Data shown:
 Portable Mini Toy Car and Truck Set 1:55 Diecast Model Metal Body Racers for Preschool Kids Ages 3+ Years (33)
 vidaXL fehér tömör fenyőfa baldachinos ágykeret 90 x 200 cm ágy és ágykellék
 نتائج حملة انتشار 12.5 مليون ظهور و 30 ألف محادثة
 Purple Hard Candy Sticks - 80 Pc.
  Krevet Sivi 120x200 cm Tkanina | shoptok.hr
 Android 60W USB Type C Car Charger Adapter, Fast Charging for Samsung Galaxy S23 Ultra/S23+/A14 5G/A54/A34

Try it: Nothing but the lines from the one with "نتائج حملة انتشار" through the final line of the data belongs in the answer, and they must match exactly.

Result:
 نتائج حملة انتشار 12.5 مليون ظهور و 30 ألف محادثة
 Purple Hard Candy Sticks - 80 Pc.
  Krevet Sivi 120x200 cm Tkanina | shoptok.hr
 Android 60W USB Type C Car Charger Adapter, Fast Charging for Samsung Galaxy S23 Ultra/S23+/A14 5G/A54/A34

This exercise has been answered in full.